Please make sure that you use 3x` syntax to format your code, i.e.

```python 
# add code here
# ....


```

edited, please check

If you look at your functional, you see that its initial value is of the order 1e-12, and the max difference between u and u_target is 3e-05:

np.max(np.abs(u.vector().get_local() - u_target.vector().get_local())) 

so it does not seem like your problem is sensitive to your input parameters.

I would suggest you make sure that the simulation results makes sense with the input parameters before trying to do optimization.

Thanks a lot for your suggestion.
It would be better, if you suggest how can i get rid of this problem. As i couldn’t understand properly where to modify.

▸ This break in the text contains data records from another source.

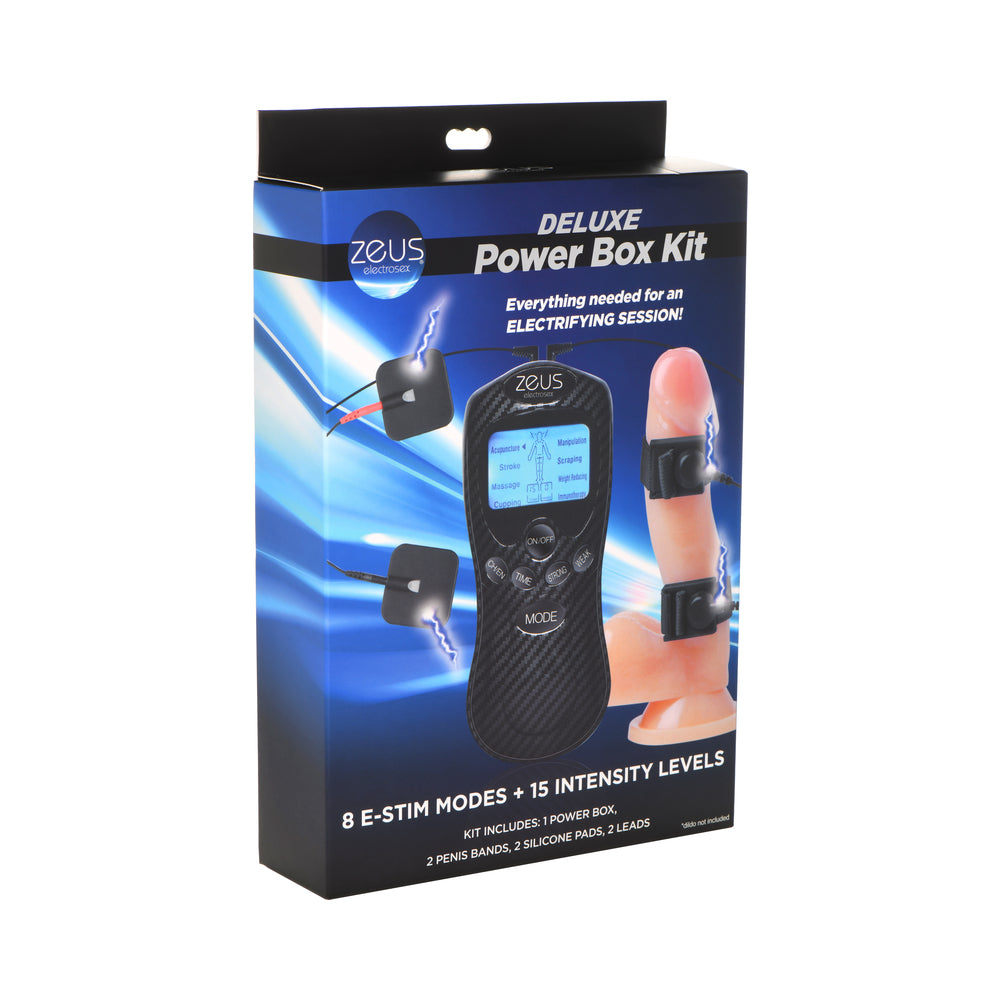 XR BRANDS - ZEUS ELECTROSEX POWER BOX KIT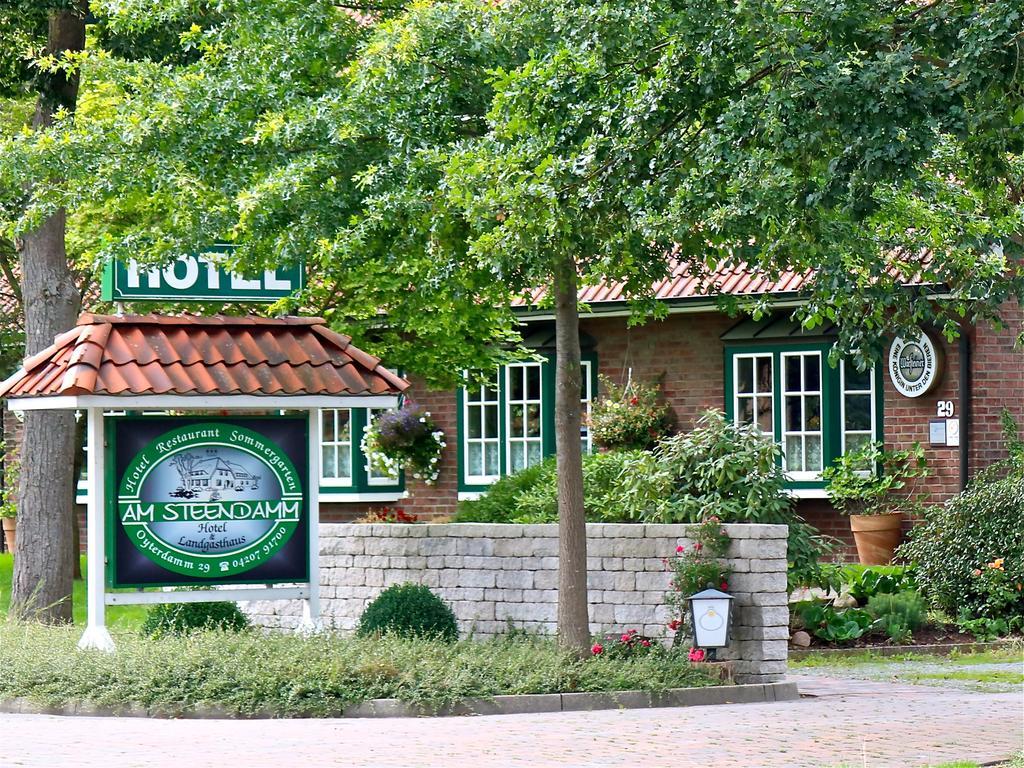 Hotel Am Steendamm Oyten Exterior photo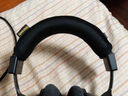 比博歐適用beyerdynamic拜雅拜亞動(dòng)力T5 三代頭戴式耳機頭梁套保護套T5-3橫梁保護套頭梁墊頭套耳機配件 黑色【頭梁保護套】 曬單實(shí)拍圖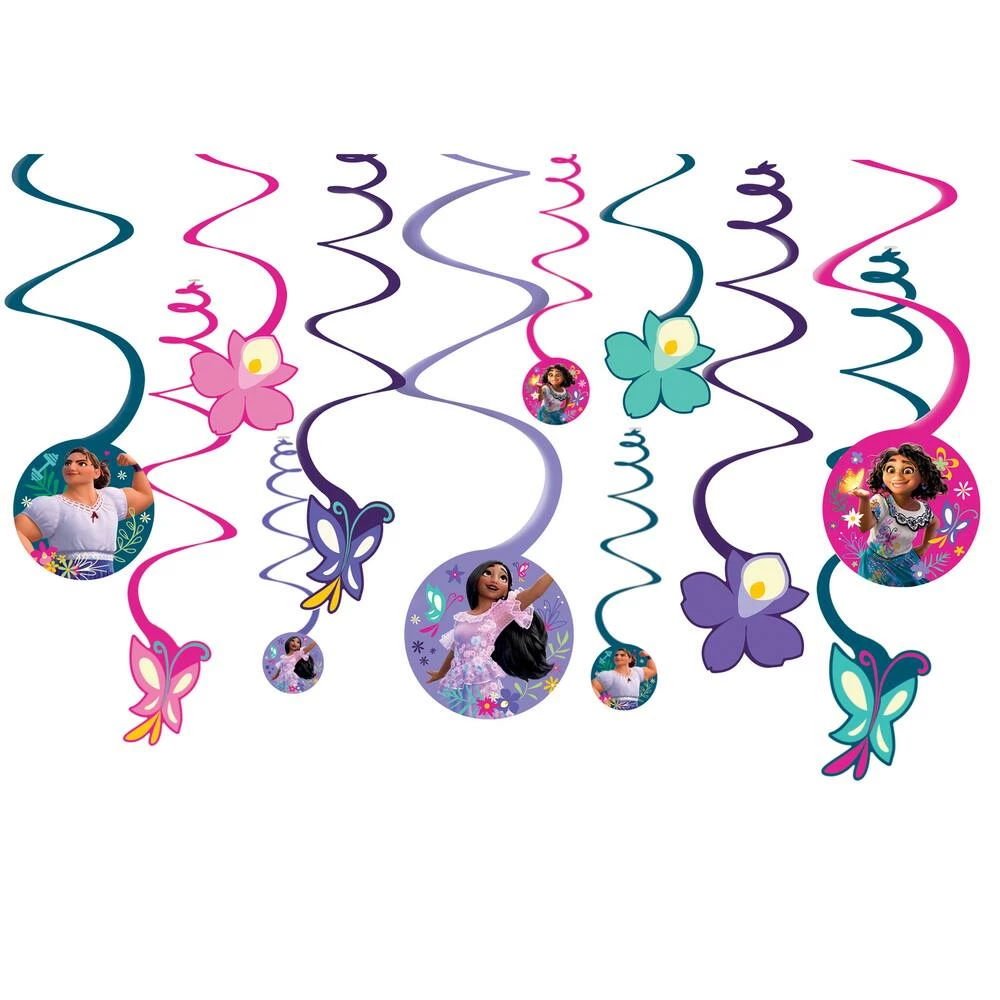Disney Encanto Spiral Decorations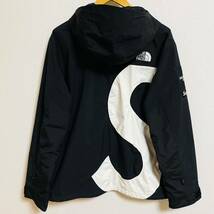 Supreme The North Face S Logo Mountain Jacket Black L 20aw 2020年 黒 ブラック ノースフェイス Sロゴ マウンテン ジャケット_画像2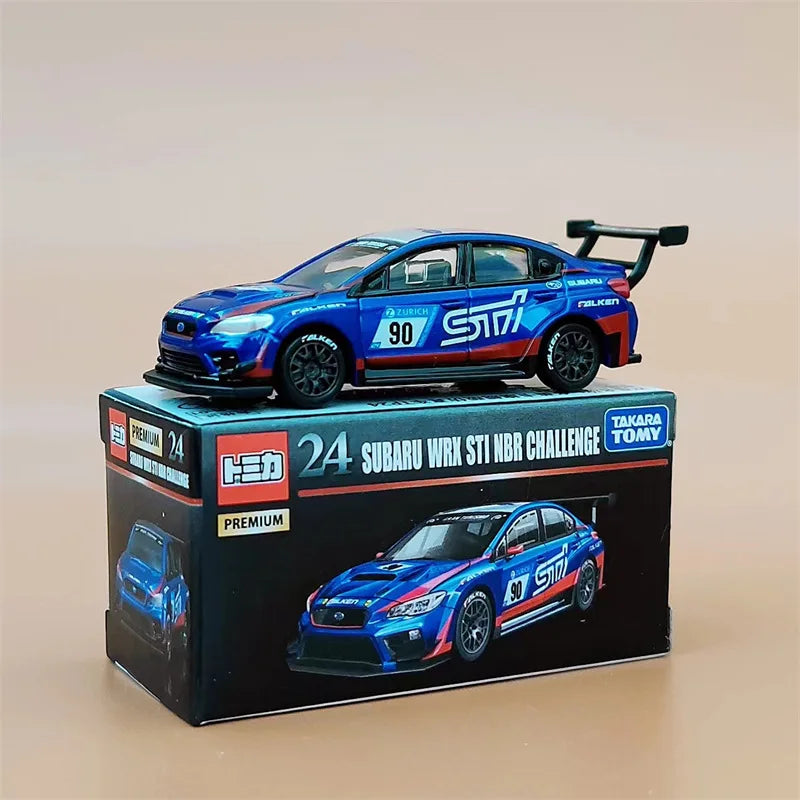 TOMY Fast & Furious Toyota Supra Nissan GTR Alloy Car Diecasts & Toy Vehicles Car Model Miniature Scale Model Car For Children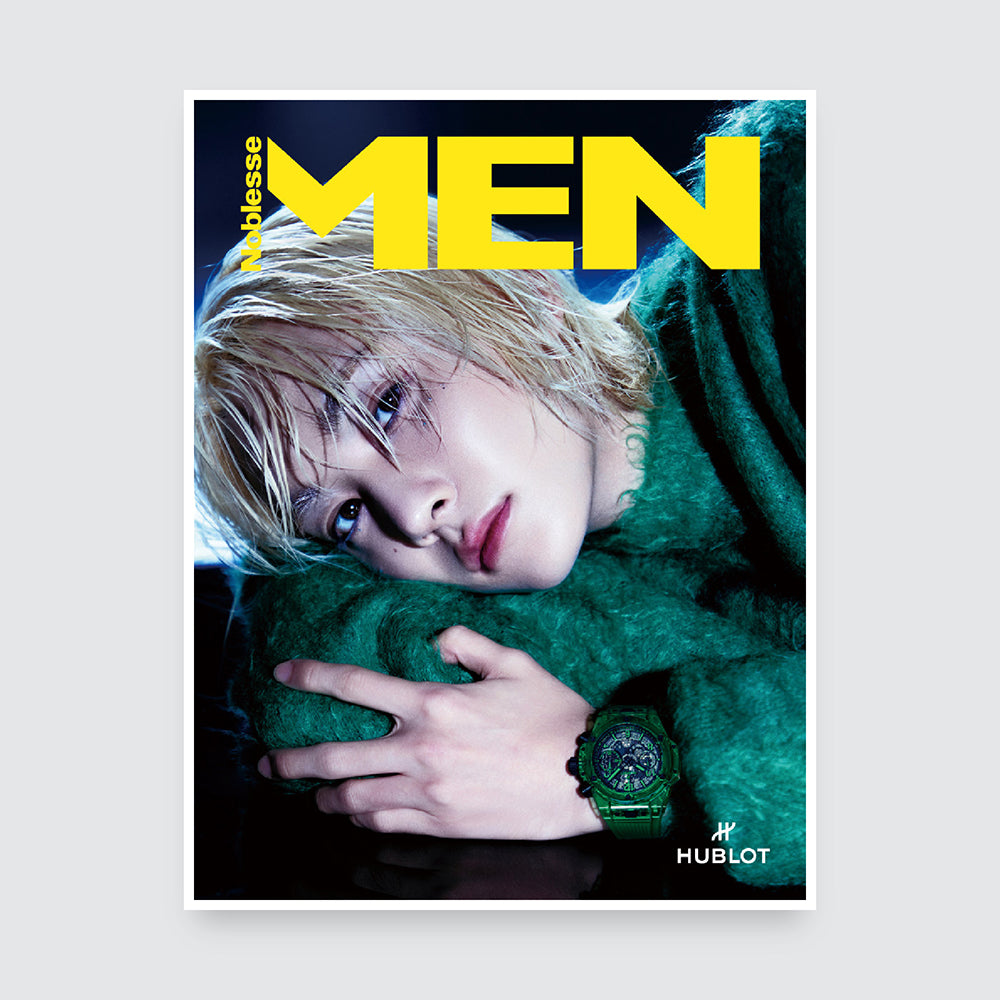 MEN Noblesse Korea Magazine September 2024 : SVT Jeonghan Cover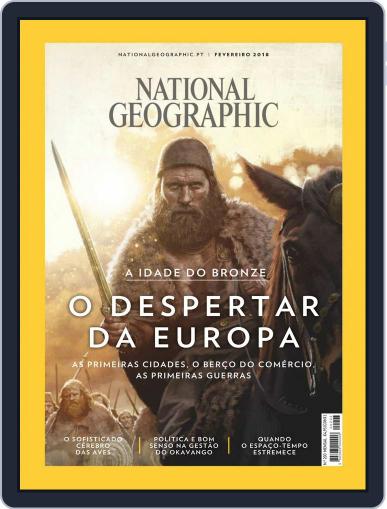 National Geographic Magazine Portugal February 1st, 2018 Digital Back Issue Cover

Hi Dokken, i couldn’t solve my problem yet. please tell me how can i understand the order of initial value of functional. please suggest me solving this problem.

As I said previously,
it does not seem like your forward model depends a lot on the chosen control value, as not matter what you choose it to, the result of the forward model looks the same.

Would it be better to use nonlinear differentiation for transient heat conduction problems instead of linear differentiation.